COMIDA SECULAR EM MADRI
TEXTO E FOTOS – PEDRO MOX BRANDÃO
As paredes em madeira diferenciam ante seus vizinhos, e dão uma idéia da longevidade do local. Estamos no Botín, o restaurante mais antigo do mundo, cuja história mescla-se com a da própria capital espanhola. A construção original data do fim do século 16 – antes, ali, nada havia além de um caminho de passagem aos que andavam pela cidade, conta Jose González, um dos atuais responsáveis pela administração do local.
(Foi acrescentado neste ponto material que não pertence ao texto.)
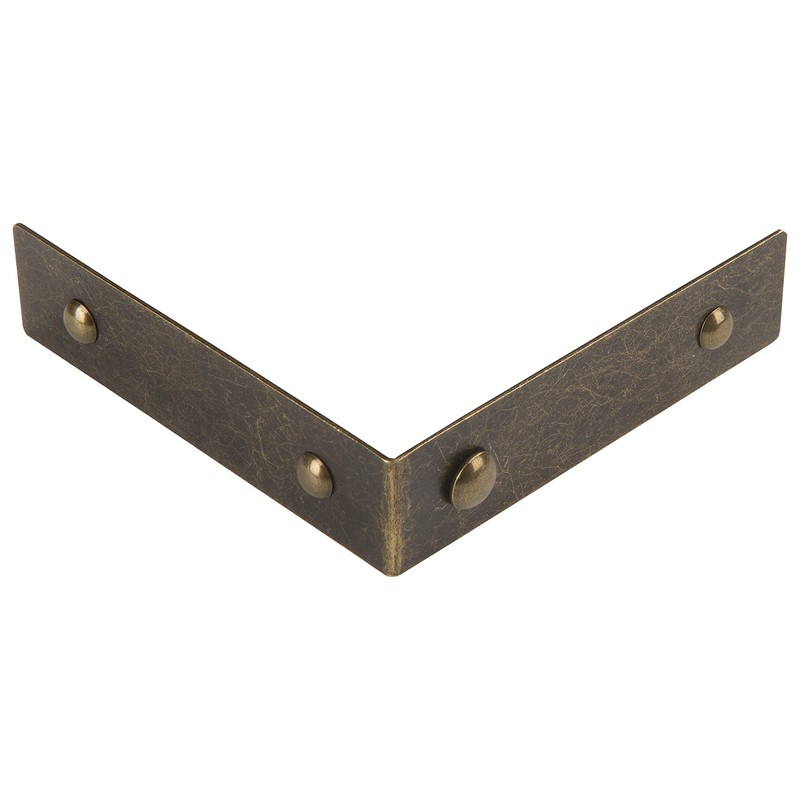 Dritz Home Campaign Smooth Right Angle, Large, 4 Sets, Antique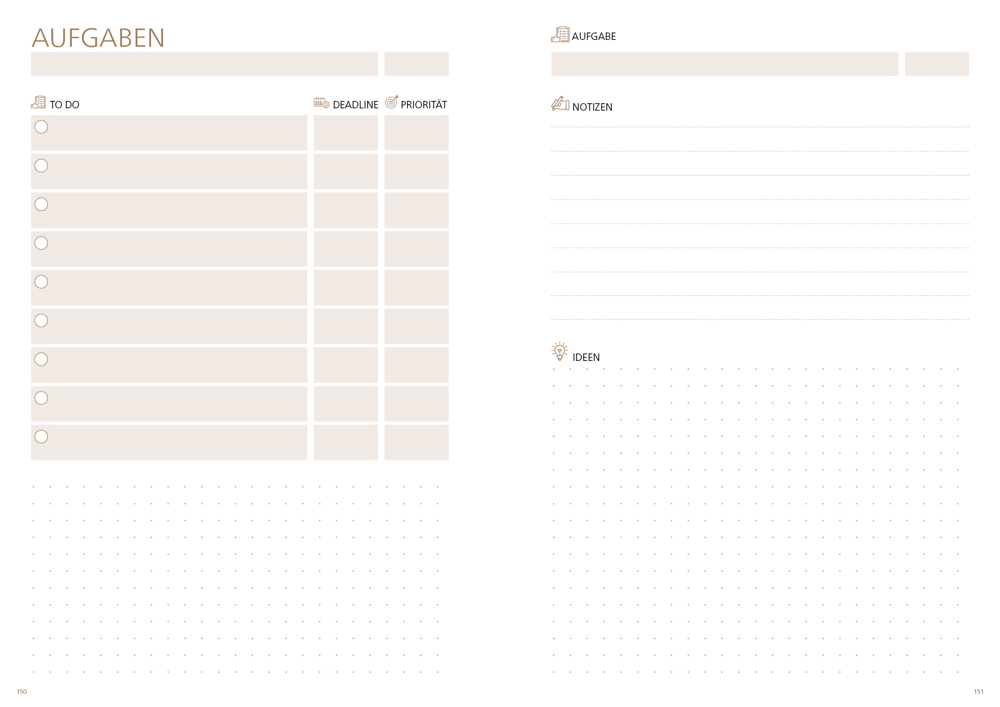Notizbuch orgaLine Mainbook, White, steingrau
O restaurante está a poucos metros da Plaza Mayor – mais precisamente ao acesso do Arco de Cuchilleros. Na região central, onde remontam as origens de Madri, instalou-se um cozinheiro francês chamado Jean Botín. Em 1725 um sobrinho de Botín abre uma pequena hospedagem na Calle de Cuchilleros, reformando o prédio. Além do espaço para hóspedes o Sobrino de Botín (como chamou o negócio) também servia pratos aos que passavam pelo local. “O prédio que temos hoje tem metade do tamanho construído em 1725, porém uma parte foi danificada na guerra e precisou ser derrubada” explica José.
São três os fatores responsáveis pelo reconhecimento por parte do livro dos recordes Guinness como restaurante mais antigo do mundo: está em atividade ininterruptamente desde sua abertura, no mesmo lugar e com o mesmo nome. Na vitrine está o certificado da publicação, e em um canto do salão onde conversamos a edição do Guinness com o Botín.
Inicialmente o térreo abrigava mesas e os andares superiores as acomodações dos hóspedes, transformados em quartos para moradia familiar em 1860. A família González mantém até hoje o local com a mesma configuração. A única “reforma” foi instalação de ar-condicionado para maior conforto dos clientes no sufocante verão madrilenho. O piso inferior remanesce da construção original, e é naturalmente fresco. Além das mesas um pequeno espaço é conservado como a antiga adega. Sua passagem se conecta à rede de túneis que percorre Madri e, diz a lenda, chegaria inclusive ao palácio real.
A família de José leva o restaurante desde 1930, quando Amparo e Emílio González, seus avós, adquirem o local – única mudança de família em toda a história. José, junto com Antonio e Carlos, são a terceira geração e quem hoje atende à infinidade de turistas que passam pelo espaço. Efetivamente, enquanto conversamos a cada 15 minutos algum guia turístico passa mostrando o local. “Meus avós, meu pai e meu tio viveram nesta casa. Minha mãe quando estava grávida caiu nas escadas, e meu pai resolveu que deveriam se mudar pois com as escadarias íngremes do século 18 não se podia”, conta, com as lembranças do espaço com apreço familiar. Seus avós permaneceram até 1966, quando mudaram-se para outro prédio.
No cardápio as especialidades aparecem em letras maiúsculas. Dentre as opções de pratos destacam-se leitão assado e cordeiro assado – sobretudo o primeiro, aqui chamado de cochinillo. Procedentes de Segóvia, região famosa por ter os melhores exemplares, são assados em um forno construído junto com a casa, em 1725. “Não é um forno melhor por ser antigo, mas por ter sido construído com características dos modelos da época. Foi feito com ladrilhos de 30cm, espessura de 4cm, refratários, que já não são mais fabricados, sobre uma base de granito”.
E, sobretudo, é um forno aberto, fazendo o leitão seja efetivamente assado, como explica José: “Quando o forno é fechado acaba havendo umidade, que provoca cozimento. Assar é cozinhar apenas com calor do fogo”. O sucesso da receita, que leva louro, vinho branco, cebola e alho, vem da paixão pela cozinha de Emílio González. “Nosso avô é o grande responsável essa história. Era um grande cozinheiro, não teve formação em escolas de gastronomia porém preparava todos os pratos com maestria. Até hoje servimos os pratos conforme as receitas que ele seguia”.
Hemingway
Um dos ilustres freqüentadores do Botín foi o escritor estadunidense Ernest Hemingway, que durante a Guerra Civil Espanhola e no pós-guerra, sempre que estava na cidade aparecia para conversar com Emílio. “Ademais de nos citar em seu livro O Sol Também se Levanta Hemingway vinha aqui, meu pai e meu tio também o conheceram. Porém eram tempos difíceis, de pós-guerra, havia que trabalhar e trabalhar, e nunca fizemos uma foto ou algo assim”. Sobretudo José destaca que a presença de personalidades nunca foi utilizada como forma de divulgação: “Respeitamos a privacidade de quem vem aqui. E além disso queremos que as pessoas venham nos visitar sim pelos assados, pela qualidade da nossa cozinha”. Com o esmero e a dedicação da família González, seguramente muitas outras gerações conhecerão o cochinillo do Botín.